Peor aún: Brasil perdió peso dentro del bloque tras la incorporación de nuevos miembros, un proceso que Brasilia intentó frenar sin éxito, ante la presión de China. La imposición de Pekín se ha vuelto una constante, y con más voces en la mesa crecieron las disensiones y los choques internos, paralizando al grupo de manera similar a lo que ocurre en los foros de países desarrollados.
Para Brasil, seguir en el grupo tiene cierto sentido si se busca mantener vínculos estrechos con China, su principal socio comercial y aliado estratégico. Esa lógica es comprensible, sobre todo si se espera obtener beneficios financieros o comerciales (aunque no hace falta ser miembro de los BRICS para acercarse a Pekín).
No obstante, el presidente chino, Xi Jinping, no asistirá a la cumbre, en parte porque ya se reunió con Lula en otros foros el año pasado.

Si no es evidente aún, los BRICS no están a la altura de las expectativas. Y resulta desconcertante la percepción exagerada que muchos funcionarios y académicos aún tienen sobre su peso.
Sí, representan cerca del 50% de la población mundial y casi el 40% del PIB global, pero no actúan como interlocutores de las grandes potencias ni como un actor influyente en la arena global. Y quizá nunca lo hagan. A pesar del discurso, el orden liberal lo está desmantelando Washington desde dentro, no los BRICS desde fuera.
Tomemos el ejemplo del dólar: no fue la idea de una moneda común de los BRICS lo que erosionó su hegemonía, sino las acciones de Donald Trump. Además, Trump no negocia con el bloque como un todo, sino bilateralmente con sus miembros.
Los BRICS tampoco tienen capacidad de mediación en conflictos como Ucrania o Gaza. Y en caso de una necesidad militar urgente, es poco probable que Rusia o China acudan en ayuda de Brasil, como bien lo sabe Irán.

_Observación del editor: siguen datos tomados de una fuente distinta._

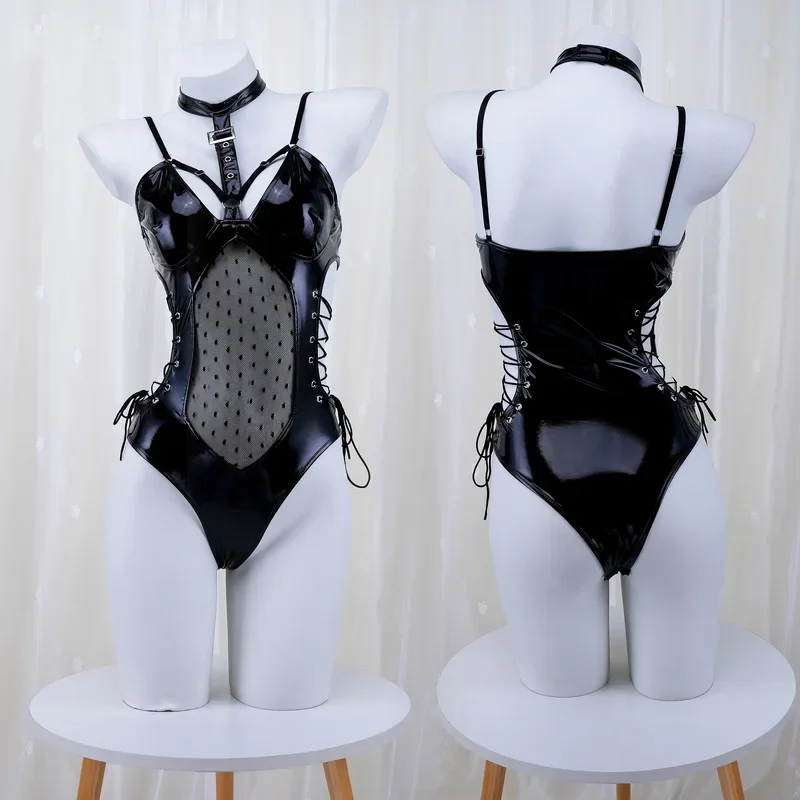 QQ8 Succubus คอสเพลย์เครื่องแต่งกายสลิงเซ็กซี่บอดี้สูทผู้หญิงตาข่าย Wave point โปร่งใส Nightdress ชุดชั้นในชุด Hal5Lk¥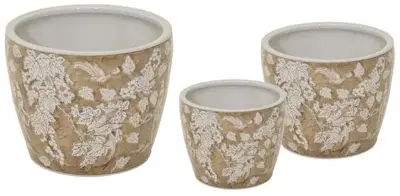 Mega Collections Bloempot Qing Egg Small – Ø26xH21 cm – Taupe/Bruin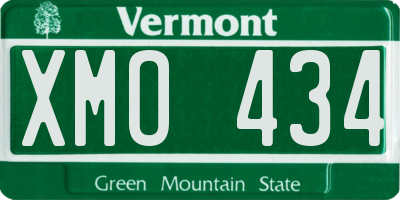 VT license plate XMO434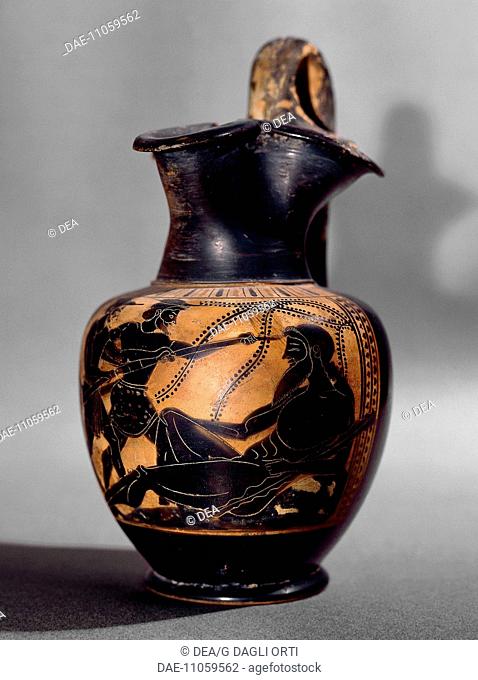 Oinochoe showing a scene depicting Ulysses blinding Polyphemus, black-figure pottery. Greek Civilization, 5th Century BC.  Paris, Musée Du Louvre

El BRICS puede ser útil para Brasil como escudo diplomático en momentos en que no quiere enfrentarse directamente a EE.UU. Pero eso no reemplaza un gran proyecto nacional que destaque sus fortalezas: una democracia estable, una economía resiliente y su papel como potencia en recursos naturales.
En ese sentido, el país tiene aún mucho por hacer. Desde la creación del bloque, su economía ha crecido solo 1,6% anual en promedio, lo que lo deja lejos de consolidarse como superpotencia emergente.
Incluso después de más de 30 viajes internacionales de Lula desde 2023, Brasil ha sido incapaz de incidir de manera efectiva en los principales conflictos de su vecindad, desde Venezuela y Nicaragua hasta Haití y la crisis migratoria regional.
La verdadera proyección de Brasil en el escenario global dependerá de su fortaleza interna, no de enredarse en un bloque que cada vez se parece más a un nuevo Grupo de los 77.